[Records from a data source]
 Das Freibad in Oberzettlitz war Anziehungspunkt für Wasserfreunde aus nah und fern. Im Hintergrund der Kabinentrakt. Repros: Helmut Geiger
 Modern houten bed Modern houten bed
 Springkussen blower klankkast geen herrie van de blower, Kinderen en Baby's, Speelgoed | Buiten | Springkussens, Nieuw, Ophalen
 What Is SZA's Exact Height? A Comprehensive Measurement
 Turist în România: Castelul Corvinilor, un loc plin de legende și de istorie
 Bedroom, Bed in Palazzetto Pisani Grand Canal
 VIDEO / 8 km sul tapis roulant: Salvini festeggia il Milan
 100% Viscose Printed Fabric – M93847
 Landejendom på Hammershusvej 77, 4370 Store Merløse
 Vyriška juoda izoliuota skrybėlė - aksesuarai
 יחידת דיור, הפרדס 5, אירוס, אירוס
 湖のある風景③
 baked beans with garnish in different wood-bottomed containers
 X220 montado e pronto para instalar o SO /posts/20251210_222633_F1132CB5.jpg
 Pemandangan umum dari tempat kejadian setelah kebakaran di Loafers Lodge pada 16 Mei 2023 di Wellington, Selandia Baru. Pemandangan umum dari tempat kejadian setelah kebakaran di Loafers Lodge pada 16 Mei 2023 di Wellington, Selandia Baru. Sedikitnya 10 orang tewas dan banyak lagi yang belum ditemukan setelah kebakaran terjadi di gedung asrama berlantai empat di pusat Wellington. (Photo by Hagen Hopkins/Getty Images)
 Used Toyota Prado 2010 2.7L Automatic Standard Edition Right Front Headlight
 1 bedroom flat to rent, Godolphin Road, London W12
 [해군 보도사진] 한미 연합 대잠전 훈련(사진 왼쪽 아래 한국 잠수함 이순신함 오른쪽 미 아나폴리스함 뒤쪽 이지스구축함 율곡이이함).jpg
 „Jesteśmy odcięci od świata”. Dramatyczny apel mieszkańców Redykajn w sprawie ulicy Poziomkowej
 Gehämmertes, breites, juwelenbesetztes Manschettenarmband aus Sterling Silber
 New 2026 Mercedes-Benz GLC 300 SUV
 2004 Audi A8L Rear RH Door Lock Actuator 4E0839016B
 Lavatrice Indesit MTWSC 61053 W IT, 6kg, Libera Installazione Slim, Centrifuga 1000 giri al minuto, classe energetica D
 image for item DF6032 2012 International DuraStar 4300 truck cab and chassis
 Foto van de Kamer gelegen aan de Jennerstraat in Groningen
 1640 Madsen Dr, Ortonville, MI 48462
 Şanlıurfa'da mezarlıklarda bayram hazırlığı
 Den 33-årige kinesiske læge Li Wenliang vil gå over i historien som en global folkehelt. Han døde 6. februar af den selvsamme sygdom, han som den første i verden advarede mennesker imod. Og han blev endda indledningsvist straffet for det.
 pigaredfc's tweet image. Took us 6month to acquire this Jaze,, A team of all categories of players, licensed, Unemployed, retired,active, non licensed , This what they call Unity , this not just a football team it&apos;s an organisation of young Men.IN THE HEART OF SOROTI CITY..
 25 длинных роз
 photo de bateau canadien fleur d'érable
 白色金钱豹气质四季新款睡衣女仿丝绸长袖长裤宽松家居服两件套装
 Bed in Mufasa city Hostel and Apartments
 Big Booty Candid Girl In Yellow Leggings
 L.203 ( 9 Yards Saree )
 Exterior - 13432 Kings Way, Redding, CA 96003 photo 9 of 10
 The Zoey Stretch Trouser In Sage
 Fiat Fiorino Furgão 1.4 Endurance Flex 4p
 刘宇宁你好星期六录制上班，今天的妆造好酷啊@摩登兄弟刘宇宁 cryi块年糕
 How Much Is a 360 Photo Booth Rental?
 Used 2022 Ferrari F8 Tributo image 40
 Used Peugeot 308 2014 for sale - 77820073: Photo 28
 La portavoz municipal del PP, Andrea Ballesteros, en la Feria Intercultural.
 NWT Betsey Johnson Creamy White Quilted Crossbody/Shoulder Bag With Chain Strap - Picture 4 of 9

> [Problem to work on]:
From the entries above, copy every line containing the word "Used".

> [Result for this exercise]:
 Used Toyota Prado 2010 2.7L Automatic Standard Edition Right Front Headlight
 Used 2022 Ferrari F8 Tributo image 40
 Used Peugeot 308 2014 for sale - 77820073: Photo 28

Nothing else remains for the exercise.